Most people pay their car insurance bill every month or four times a year. Sometimes that auto insurance bill is exorbitant, but your payment to the insurance company is a contract of sorts. Think about this way: you are paying your insurance company to insure you through the good times and the bad times. The insurance company cannot suddenly drop you, fail to pay the bills, or decide not to defend you if you are in an accident and/or sued. The fact that they may have to settle a high bill does not give them the right to fail to defend you. This decision was settled over fifteen years ago with Mesmer v. MAIF in Maryland. You need to know your rights when it comes to your insurance company, your policy, and the company’s possible failure to defend your interests. If you find your insurance company untrustworthy or they have decided to drop you in a time when you’re most vulnerable, it’s time to look elsewhere. You’d benefit from looking at an insurance quote to find a company that you trust.
There is a clear rule concerning remedies for the insured when an insurance company wrongfully fails to provide a legal defense. The penalties for an insurance company are strict. This is true regardless of whether it is a business insurance, automobile insurance, EPLI insurance, E&O insurance, Directors and officers insurance, or Commercial General Liability policy for a business, the principles are the same and our law firm has drafted dozens of lawsuits against insurance companies for failure to defend with successful results.
An insurance company can and should be obligated to follow through with the maximum policy limit and attorney fees, if their failure to defend is determined wrongful by the legal system.
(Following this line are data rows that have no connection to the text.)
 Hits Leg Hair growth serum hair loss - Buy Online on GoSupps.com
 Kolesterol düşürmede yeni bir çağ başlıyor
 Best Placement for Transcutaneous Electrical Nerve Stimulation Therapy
Mesmer v. MAIF is evidence of wrongful failure to defend by an insurance company. The highest court of Maryland determined that a failure to defend is a breach of contract only, and the awarded damages are limited to the actual insurance policy limits in addition to the attorney fees and court expense from defending the suit.
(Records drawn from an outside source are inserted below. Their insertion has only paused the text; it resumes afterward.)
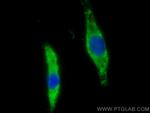 PSMD9 Antibody in Immunocytochemistry (ICC/IF)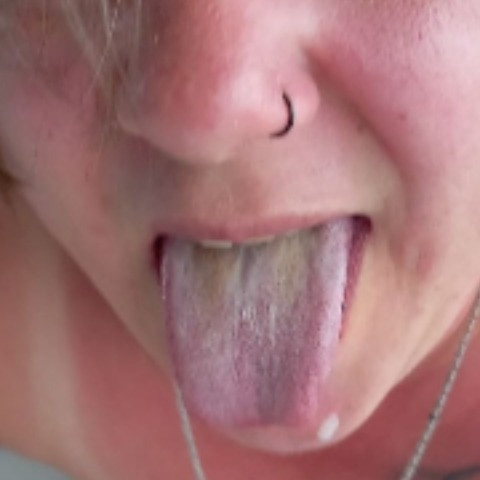 Tannilie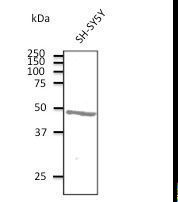 ATXN3 / JOS Antibody - Anti-ATXN3 antibody at 1:500 dilution. Lysates at 100 ug per lane. Rabbit polyclonal to goat IgG (HRP) at 1:10000 dilution.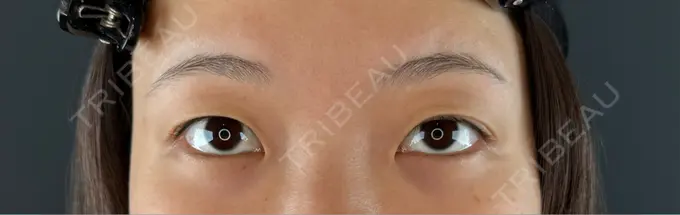 二重埋没 Brandnew Beauty Clinic DAY 0 メイン用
The MAIF Insurance Policy Details
In Mesmer v. MAIF, the insured bought an auto policy from the Maryland Automobile Insurance Fund, also known as MAIF, for her daughter and herself. On the original car insurance policy issued by MAIF both the insured and her daughter were listed as operators of the automobile, a 1981 Buick. Thereafter the insured got a new car that was titled under her boyfriend’s name. As directed, she notified MAIF of the new car purchase and requested the necessary policy changes and adjustments. She and her daughter were both to still be included with the new car insurance plan issued by MAIF.
A new policy was then created and listed by MAIF, but it stated that the insured’s daughter was the primary driver of the new automobile. The daughter then got into an automobile accident and it was determined that she was operating the vehicle in a negligent fashion at the time of the accident. The other driver, Peggy Lyons, was injured in the automobile accident. She filed suit for damages arising from the automobile accident.
When MAIF investigated Ms. Lyon’s claim, they determined that the insured was not the owner of the vehicle (the boyfriend held the title), as the policy had stated. They then declared the automobile policy null and void and also refused to defend the daughter of the insured (who was on the policy).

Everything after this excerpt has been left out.